Dutch Microbiome Project (DMP)
To address these issues, the researchers generated and analyzed a large, multi-generational gut microbiome cohort; the Dutch Microbiome Project (DMP) cohort. This cohort was developed as a part of Lifelines cohort study. Lifelines is a prospective population-based cohort study to examine health and health-related behaviors in 167.000 people living in the northern Netherlands. To form the DMP cohort, 8719 distinct fresh-frozen fecal- and blood samples were collected from participants in good health and with a variety of diseases from 2756 families. Information collected from the participants was grouped into several categories like family structure, diseases, gastrointestinal complaints, general health score, medication use, birth-related factors, reported childhood (< 16 years) exposures, environmental factors (air pollutants, greenspace, urbanicity, pets and smoking), socioeconomic characteristics and diet. Gut microbiome parameters were then compared to 241 of the collected health and lifestyle factors.

Heredity less important than expected
The most important observation of the researchers is that the microbiome is shaped primarily by the environment and the people they share a household with (48,5%), regardless of whether they are related or not; only around 6,5% of the microbiome composition is heritable. By comparing associations between microbiome, health and diverse diseases, the researchers were able to identify a common signal for gut dysbiosis. Based on this general pattern of a “unhealthy” microbiome, the researchers were able to find the pattern and characteristic features of a “healthy” gut microbiome. They observed that a healthier diet, childhood and current exposures to rural environment and pets, exposure to green space and higher income share signals with healthy microbiome patterns. At the same time they established that factors like smoking, a high-carbohydrate diet and exposure to NO2 and small particulate matter are positively correlated with disease-linked species, like Clostridia and Ruminococcus.

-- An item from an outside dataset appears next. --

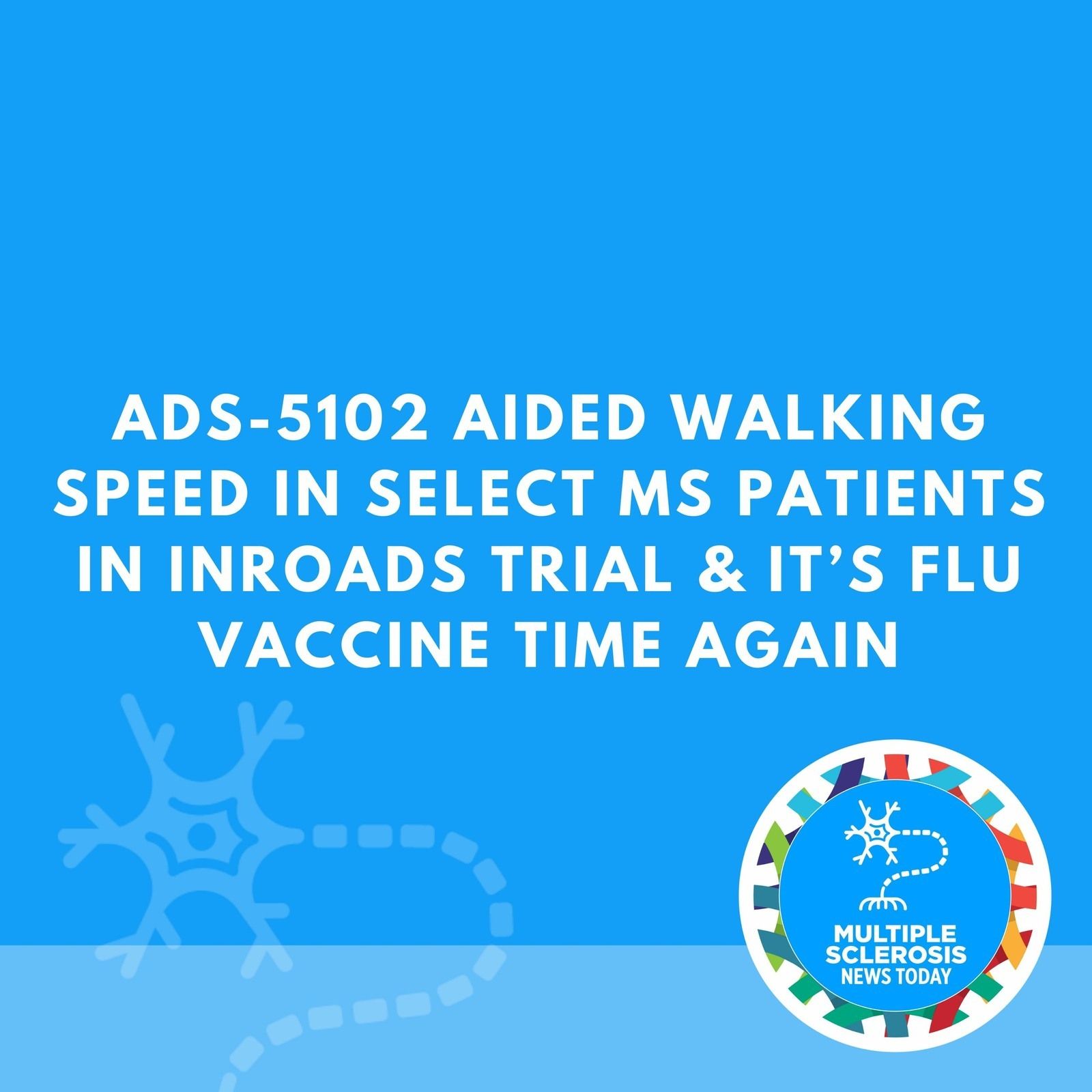 ADS-5102 Aided Walking Speed in Select MS Patients in INROADS Trial & It’s Flu Vaccine Time Again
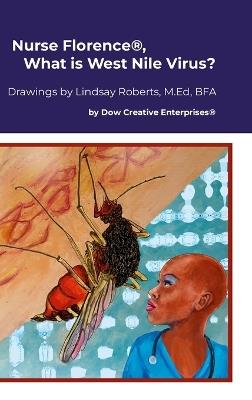 Nurse Florence(R), What is West Nile Virus? - Michael Dow - cover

Interestingly, there were also participants who showed a disease-like microbiome, while not reporting diseases or medication use.  This indicates that it is possible that the gut microbiome might detect disorders in the pre-clinical stage.

What does this mean in practical terms?
Whereas the classic hygiene hypothesis focuses on pathogens and early-life exposures, these results suggest that adult exposures also contribute to healthy or unhealthy microbiome patterns and that the environment shapes the microbiome throughout life. This means that it is never too late to use interventions in the areas of nutrition, lifestyle, environment, pro- and prebiotics to influence intestinal health and thus overall health.